Black, American histories intertwined

Leonard Pitts Jr. Miami Herald

Mark was surprised at his own ignorance.

He’s a reader who e-mailed me in response to my recent column about lynching. “If someone had asked me to estimate how many people were lynched between 1865 and 1960,” he said, “I think I would have guessed around 75.

“I am struggling with getting my brain around the number 4,700 in your column. … Appalled and disgusted doesn’t come close to describing my thoughts.

“But astounded as I was to see that number in your column, I am also stunned by my ignorance. … Most people would consider me fairly well informed. I went to college; I read the newspaper. The mainstays of my TV diet are PBS and the History Channel. … Yet I was completely ignorant of 4,700 lynchings.”

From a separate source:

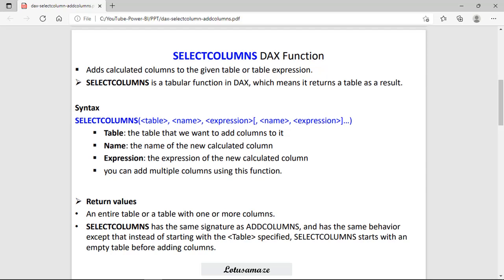This function returns a table — the result of this function is a table. As you can see in the syntax, we have SELECTCOLUMNS, then the table name, and then name-expression pairs. This means we can add multiple columns. First the table name — the table in which you want to add the columns — then the name of the new columns, then the expression. If you want to apply some kind of calculation for creating the new column, you can use the expression.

I thought of Mark when I heard about John Perzel. He is speaker of the Pennsylvania State House and a critic of the Philadelphia School District’s recent decision to make black history a required course.

Perzel has questioned the idea of singling out this history over that of other groups. The schools, he said, would be better off concentrating on “basic reading, writing and arithmetic. Once we have them down pat,” he told the Philadelphia Inquirer, “I don’t care what they teach. … Students should understand basic American history before we go into African American history.”

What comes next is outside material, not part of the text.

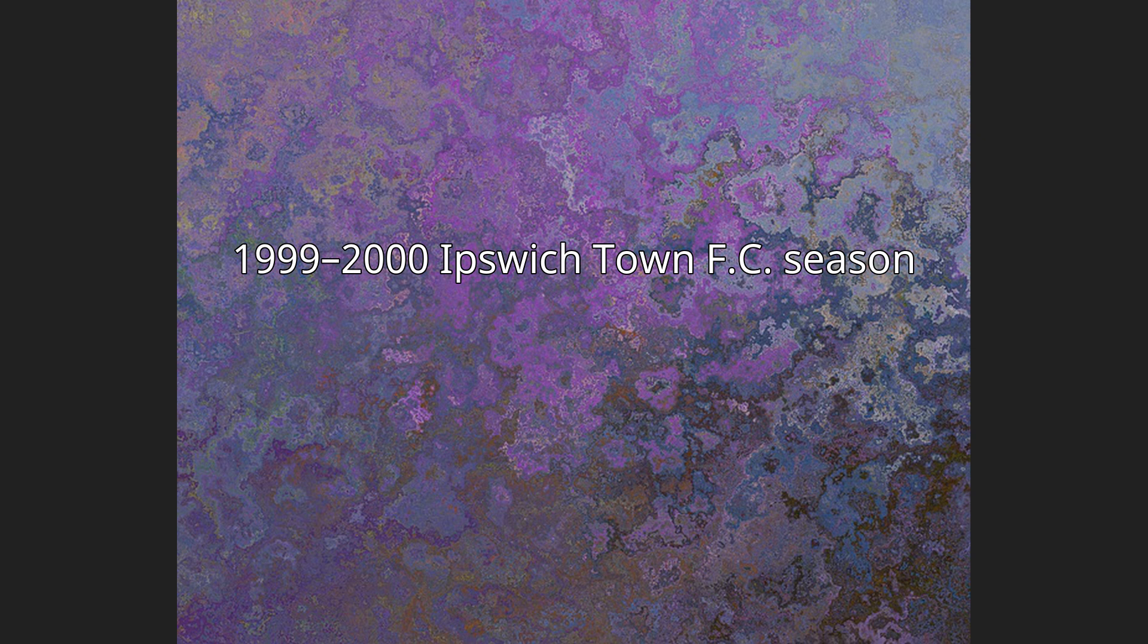During the 1999-2000 English football season, Ipswich Town competed in the Football League First Division.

Which suggests that not only should there be a required course in African-American history, Perzel should sign up ASAP.

To begin: Can we dispense with this false equivalency between the black experience and that of other American ethnic and racial groups? I hate to play “my ordeal was worse than yours,” because I think that demeans all our ancestral passages. But the fact is, nobody – with the singular exception of the American Indian – suffered in this country as blacks did. Our experience here is unique and uniquely telling. So the notion that a black history class requires a counterbalancing class in Irish-American history is but a diversionary lie.

What’s most vexing, though, is the inference that black history is not “basic American history.” It’s an unintelligent idea, probably unintentionally bolstered by Black History Month, which while bringing attention to that which would otherwise be ignored, also fosters the notion of a history separate but unequal.

For the record: America’s economy was once balanced on the free labor of black people. America’s most ruinous war was fought for the freedom of black people. America’s greatest social movement was to secure citizenship rights for black people. America’s wars, its culture, its science, its struggle to vindicate its founding promise, have always featured – often in prominent roles – black people.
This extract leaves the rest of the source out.